------ Data provided

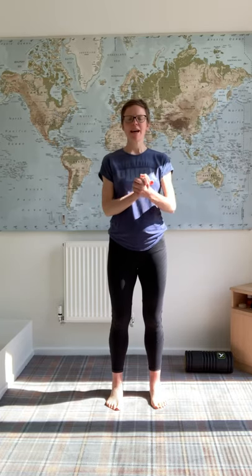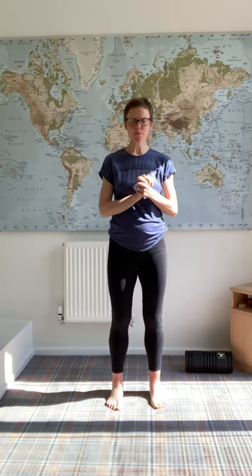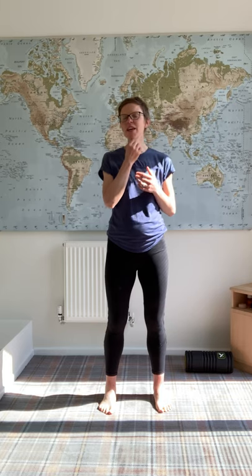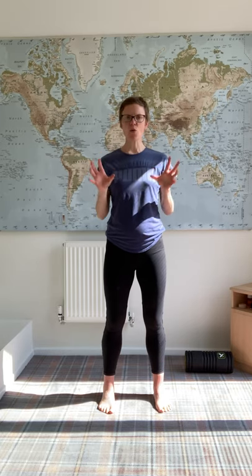Hi everybody, welcome back to our next exercise video. So today we are going to look at balance. Balance is one of the things that we don't really do as a matter of course, but if you look at the whole encompassing elements of fitness, you've got endurance, power, speed, agility, coordination, and balance — we need to think about all those bits.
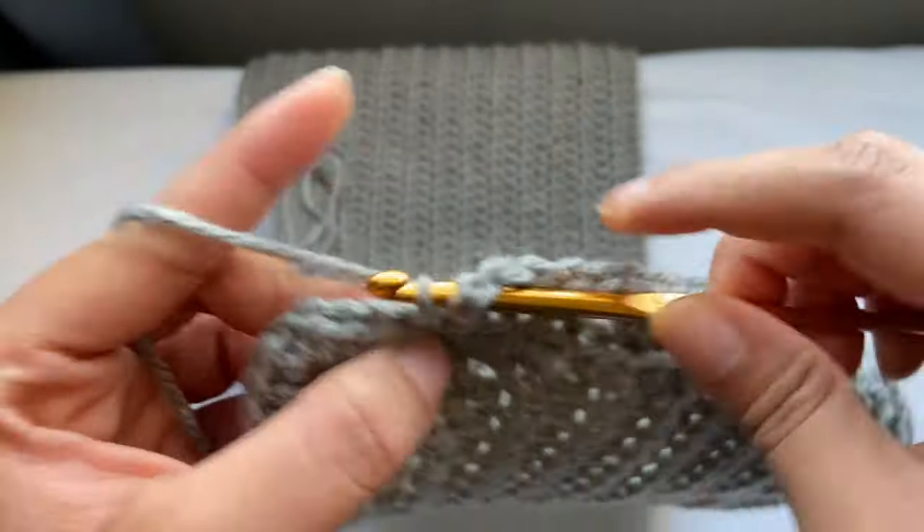If you were confused about how to attach yarn, don't worry — I'm going to show you. Just make a slip knot, insert your hook into that slip knot and pull through, chain one, and then insert your half double crochet. Do the exact same thing and I'm going to meet you guys when I'm done.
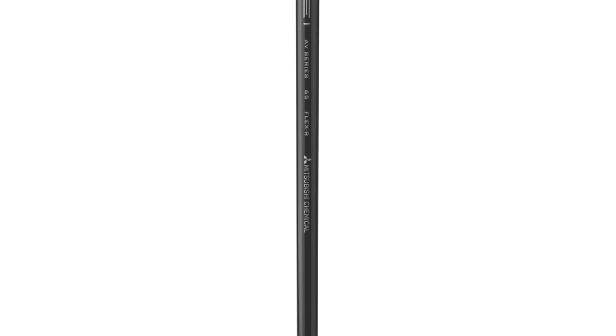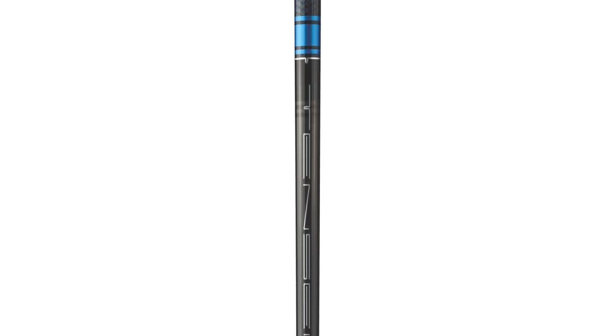The middle-of-the-road shaft — the main shaft for our Sub-Zero — is going to be the Mitsubishi Tensei. The Tensei has done extremely well. It's the number one shaft on the European Tour and number one shaft on the PGA Tour as well. That's a mid-launch and mid-spin shaft. We've got that in the 60 gram class and a 70 gram class. It's a new version of the Tensei Blue.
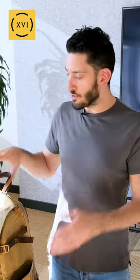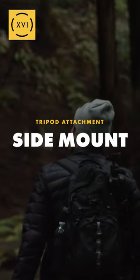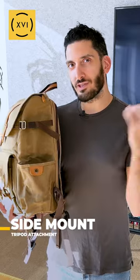As an example, we're going to show you the Voyager camera backpack and how you can attach your tripod to this backpack. The first spot is on the side of the backpack — it's going to be secure and really easy to attach.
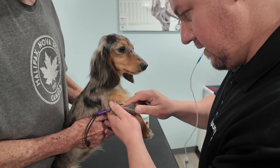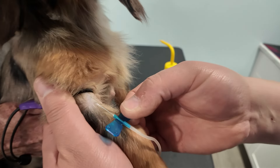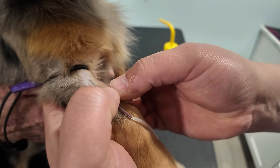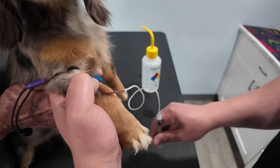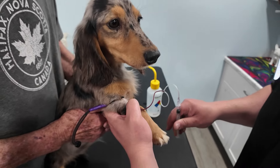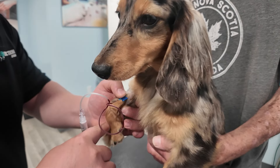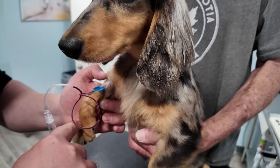Drawing blood from dogs with small or tortuous veins, like dachshunds, can be challenging. For this reason, we prefer using butterfly needles with a smaller gauge, such as 23G. The butterfly needle offers greater mobility during the draw, and the smaller gauge allows for smoother extraction from delicate veins.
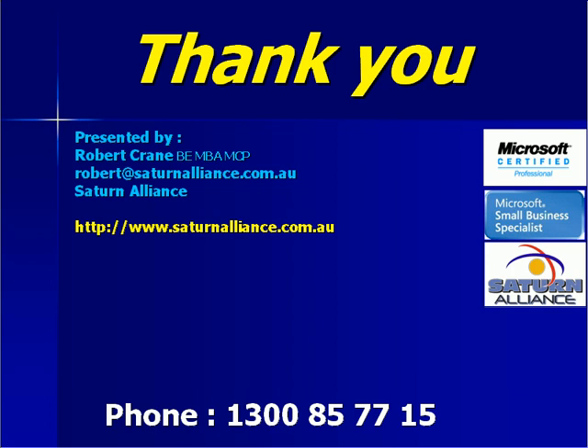Provided there is demand, we plan to develop additional audio programs on these topics. So if you are interested in further material about Small Business Server, just let me know. My email address is robert@saturnalliance.com.au.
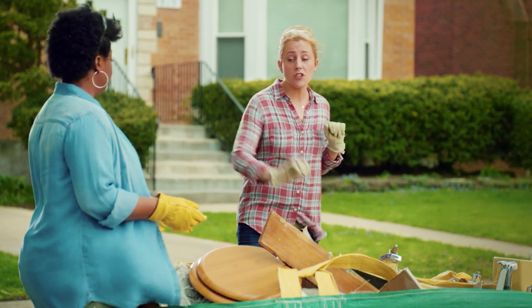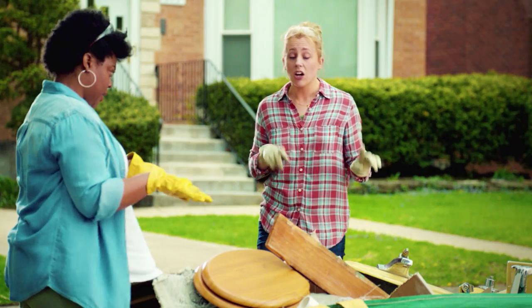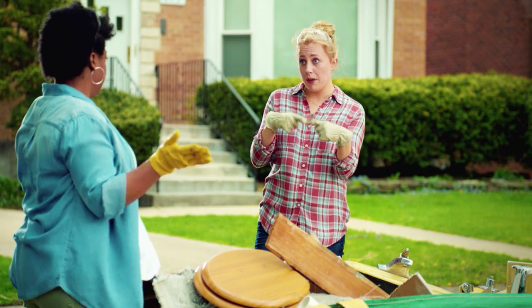When you're loading the Bagster bag, always make sure the straps are on the outside. Otherwise, you're going to have to go digging around the nasty later. Also, they need to be able to touch at the top. Got it.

------------

Description of the task: Please give back an exact copy of the entries above from their first line through the line containing "As an example, we're", leaving the pictures aside.

Answer for this exercise:
Hi everybody, welcome back to our next exercise video. So today we are going to look at balance. Balance is one of the things that we don't really do as a matter of course, but if you look at the whole encompassing elements of fitness, you've got endurance, power, speed, agility, coordination, and balance — we need to think about all those bits.
If you were confused about how to attach yarn, don't worry — I'm going to show you. Just make a slip knot, insert your hook into that slip knot and pull through, chain one, and then insert your half double crochet. Do the exact same thing and I'm going to meet you guys when I'm done.
The middle-of-the-road shaft — the main shaft for our Sub-Zero — is going to be the Mitsubishi Tensei. The Tensei has done extremely well. It's the number one shaft on the European Tour and number one shaft on the PGA Tour as well. That's a mid-launch and mid-spin shaft. We've got that in the 60 gram class and a 70 gram class. It's a new version of the Tensei Blue.
As an example, we're going to show you the Voyager camera backpack and how you can attach your tripod to this backpack. The first spot is on the side of the backpack — it's going to be secure and really easy to attach.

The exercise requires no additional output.